The DataBee Create/Edit Where Clause Rule Form
Every schema which is a subset of a larger schema is based on a small defined set of rows from that larger schema. In other words, each subset schema is created by specifying certain type and quantity of data as a starting point and subsequently fetching all of the other rows in the larger schema required to support that data. The initial data items which form the basis of the subset schema are called the driver rows and they are usually selected from among the rows in a single table. All of the rows in the other tables of the subset schema will be referentially related to the chosen driver rows.
It is possible to implement multiple driver tables in a set of extraction rules, however this is something an advanced topic and it is advisable to seek assistance from the DataBee Support Team prior to implementation.
Where Clause rules are used to select the initial driver rows for a subset schema.
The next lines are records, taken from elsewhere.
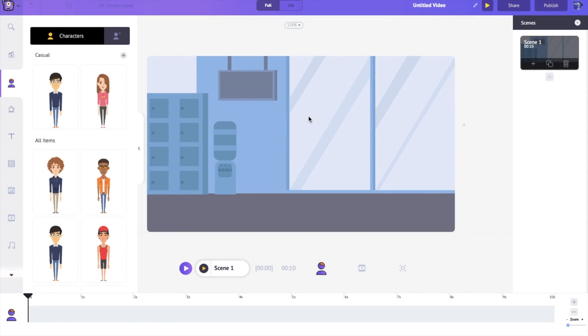Hello everyone, and today we're going to be looking at the amazing feature in Animaker called Action Plus. Action Plus allows us to string together a bunch of different actions one after the other so that we can animate our characters very easily.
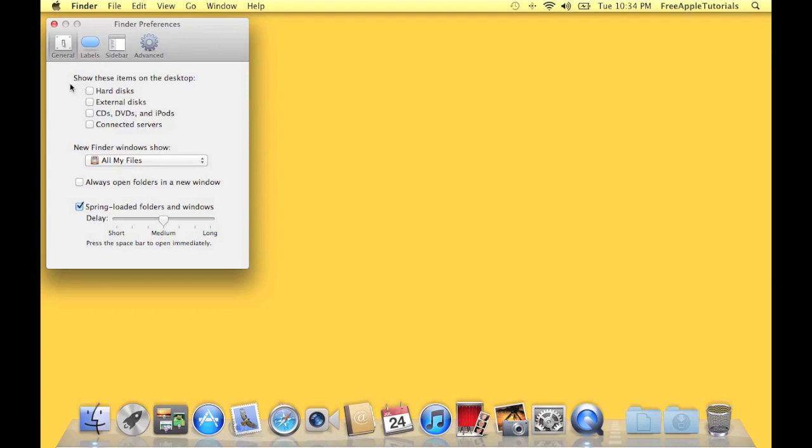Of course, it's pretty self-explanatory. Show these items on the desktop. So I can say hard disks. Bam, hard disk shows up on the desktop.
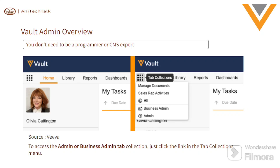You can see the screenshot taken from the Veeva page showing the tab collection. Under tab collection we have the Business Admin and Admin tabs. If you have access to both Admin and Business Admin, you will see two tabs: one called Admin and another called Business Admin. After clicking the Admin tab you can manage the Veeva system configuration, and through Business Admin access you can operate objects, add pick list values, and add templates.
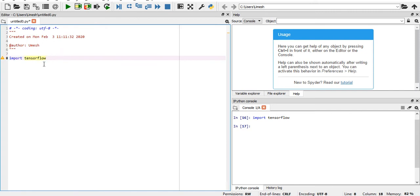You can see here in the console, I'm not getting any error. It means that TensorFlow has been installed successfully in my system.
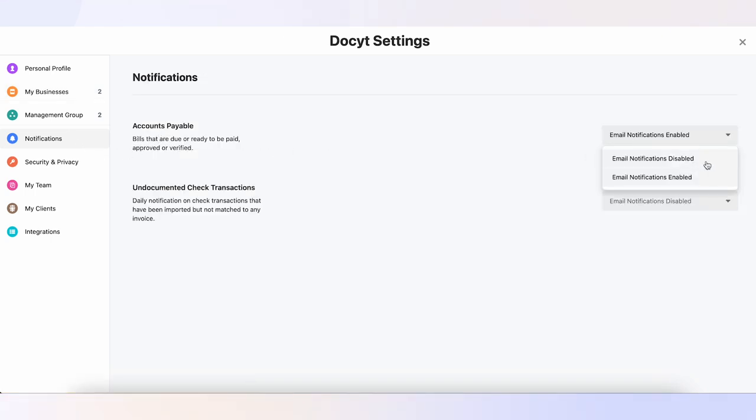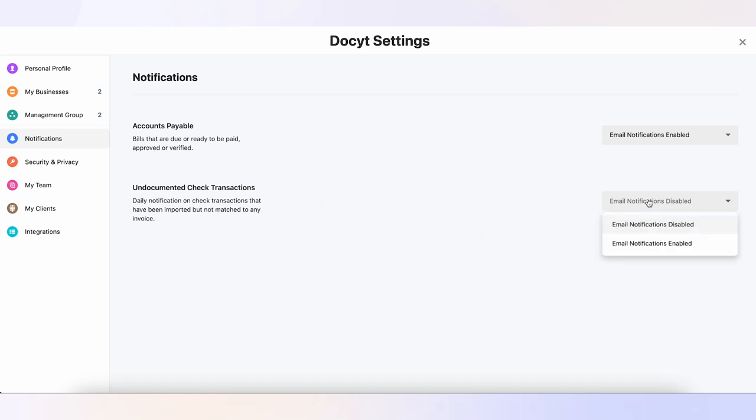Notifications will be sent directly to your email inbox. Daily Accounts Payable: bills that are due or ready to be paid, approved, or verified. Undocumented Check Transactions: daily notifications on any undocumented checks. This is helpful in detecting possible fraudulent activity.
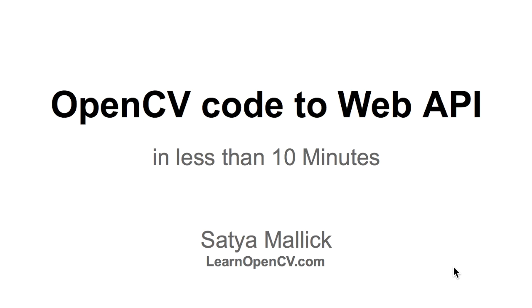Hi, I'm Satya Malik and today I'm going to teach you how to turn your OpenCV Python code into a web API in under 10 minutes.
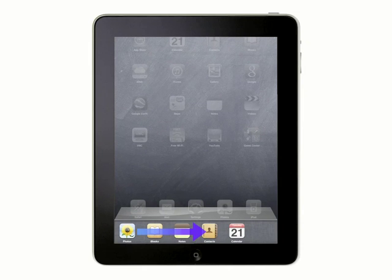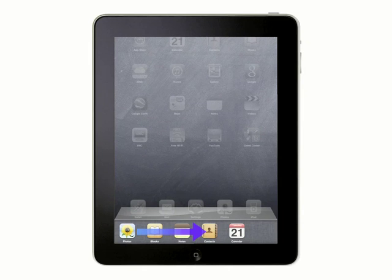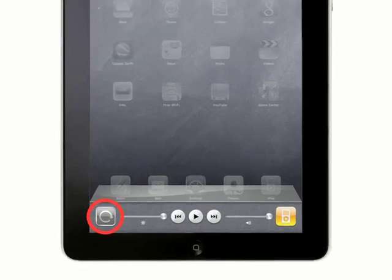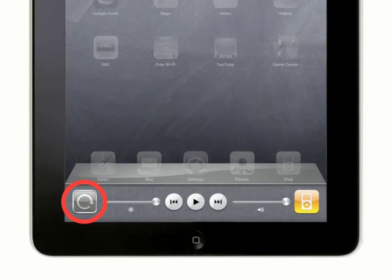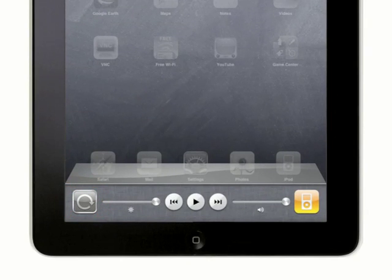Swipe your finger from left to right to display some controls for changing the screen brightness and for playing music in your iTunes library. The button on the far left that has a clockwise arrow on it is the screen rotation lock button. Tap the button to change whether the screen rotation is locked or unlocked.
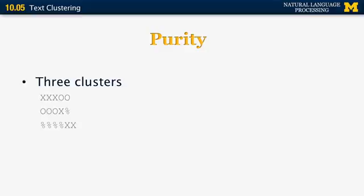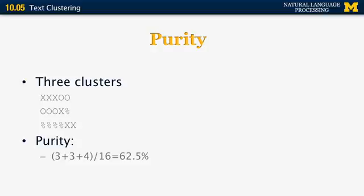Let's look at purity first. We have three clusters: the first has three x's and two circles; the second has three circles, one x and one percent; the last has four percents and two x's. The first cluster's majority class is x, and three out of five elements are x's, giving a purity of 60%. The second cluster similarly has three circles out of five, also 60% purity. The last cluster has four out of six, or 67%, for the majority class of percent. Taking the average over the entire set: (3+3+4)/16 gives a total purity of 62.5%. If each cluster contained only one class, we would get 100% purity.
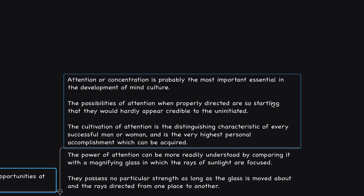Charles Hanel says, attention or concentration is probably the most important essential in the development of mind culture. The possibilities of attention when properly directed are so startling that they would hardly appear credible to the uninitiated. The cultivation of attention is the distinguishing characteristic of every successful man or woman and is the very highest personal accomplishment which can be acquired.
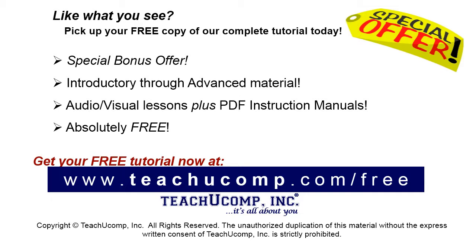Like what you see? Pick up your free copy of the complete tutorial at www.teachucomp.com forward slash free.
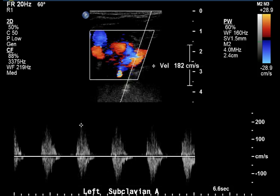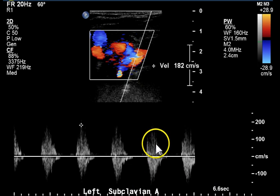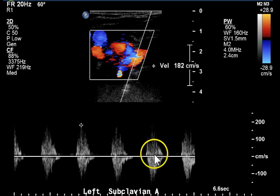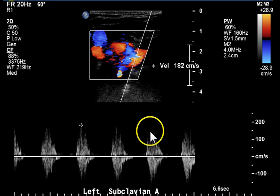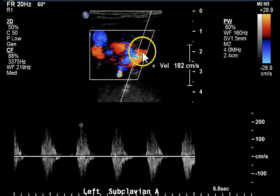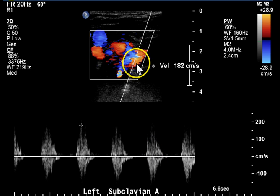Here's another velocity of the subclavian, distal to the stenosis. We get that sawtooth appearance — bidirectional flow indicating turbulence or flow reversal. We can tell that by the blue and red shown in the color portion of this image.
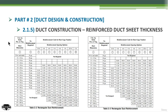As shown on SMACNA, we have tables for each pressure classification or static pressure classification of the duct. Let's use duct number one to get the reinforcement, the sheet metal thickness, and the gauge required.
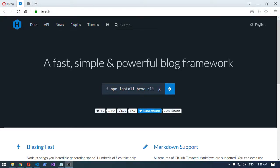Hey guys, welcome back. I had to redo this video because of how poor the quality was before, but hopefully it's a little bit more structured this time. I'm just running through the static site generator Hexo, which I believe to be a possible WordPress killer, especially in the blogging space. However, I will point out that it does require a little bit more of a technical background.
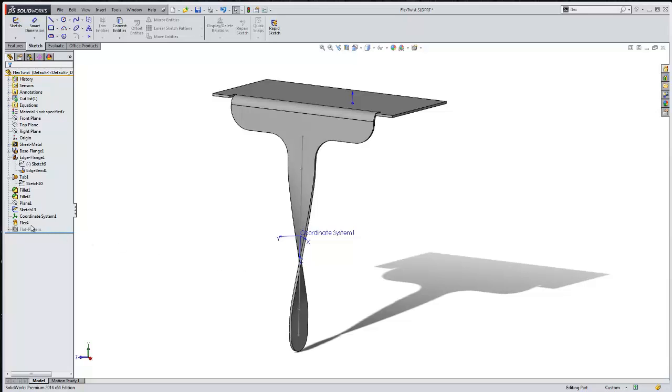by just suppressing the flex feature for the configuration for the flat pattern. I hope you enjoyed watching this quick tip video on using the flex feature. Again, my name is Jeff Jensen with Go Engineer Tech Support, and thanks for watching.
The method used to select those driver rows can be a Where Clause, as the name implies, or a sampling mechanism and limits can be used. The Create/Edit Where Clause Rule form is used to create and edit DataBee Where Clause rules.
Important Note: The choice of the driver table and the driver rows determines the content of the subset schema. The driver table should be chosen carefully prior to building any extraction rules. See the detailed discussion in the Where Clause rule help file for more information on the best way to choose a driver table.
Configuring the driver table is a straightforward process. The Create/Edit Where Clause Rule form is started by pressing the New Where Clause Rule button on the New Extraction Rule form in the Set Designer application. It is not possible to create or edit Where Clause rules in the Set Extractor application, although they can be viewed there. Once the Create/Edit Where Clause Rule form has started, the mouse can be used to select the table from the Tables panel on the left hand side of the form. The choice of available tables is entirely determined by the Rule Controller with which the Where Clause rule is associated. Only tables from within the schema for which the Rule Controller is configured will be visible. If the required tables are not visible, the schema structure can be refreshed using the Refresh Schema and Indexes button on Options tab of the edit Rule Controller form.
Once the table has been selected, the table name will be listed in the panel on the right hand side. The Where Clause and Sampling options can be configured. These are discussed in detail in the Where Clause rules help file. For convenience, a summary clipped from that help file is presented below. It is highly recommended that the Where Clause rules help file be read in full before a Where Clause rule is implemented.
Implementing a Where Clause
The Where Clause should be added as it would be in a SELECT statement used on the SQL*Plus command line. Do not enter the entire query - only the Where Clause is needed. DataBee will add the other components of the SQL statement as required.
For example, if the desired rows could be retrieved from the INVOICE_TABLE table via a SQL query such as:
Select * from INVOICE_TABLE where INVOICE_NUM>1000 and INVOICE_NUM<2000then make an entry in the Where Clause box of:
WHERE INVOICE_NUM>1000 and INVOICE_NUM<2000
Note that it is necessary to include the word "WHERE" however a terminating semicolon is optional - DataBee will strip it off if it is present.
Notes on Row Sampling and Row Limits
If the sampling option is enabled on a Where Clause rule, the sampling sifts the values returned by the Where Clause. For example, if a where clause states where region_ID=10 and there is a 10% sample condition applied then the rows extracted by the Where Clause rule will be ten percent of the rows returned by the Where Clause - not 10% of the rows in the entire table. Limit values are similarly applied to the rows returned by the Where Clause and sampling options.
The sampling option is quite sophisticated. For example, assume a Where Clause rule is implemented with no Where Clause or limit and a 25% sample condition. The rule will not extract just the first 25% of the rows from the table, and it is also not a mechanical extraction of every fourth row. The sampling algorithm will randomly select rows from the entire table so that the resulting number comprises 25% of the total. It is possible to implement non integer sampling values. For example, a sample of 0.1% will extract 1000 rows, taken at random, from a million row table.
After the Where Clause, sampling and limit options are set, the rule is fully configured and can be saved to the extraction set. The example screen shot above shows a rule configured with both a where clause and a sampling option. Also shown in the left hand panel are columns which list the source row count and a column indicating how well that table matches the extraction set plan. These columns were added to the display using the Options button on the lower left hand side of the form.
Where Clause rules execute in Stage 1 of the extraction process. The DataBee extraction process is multithreaded and can run multiple rules simultaneously. If necessary, (it usually isn't) the execution order of the Where Clause rules can be explicitly controled by adjusting the rule block component of the rule ID number. Please see the discussion of rule blocks in the extraction set overview help page in order to understand how to explicitly control the execution order of stage 1 and stage 3 extraction rules.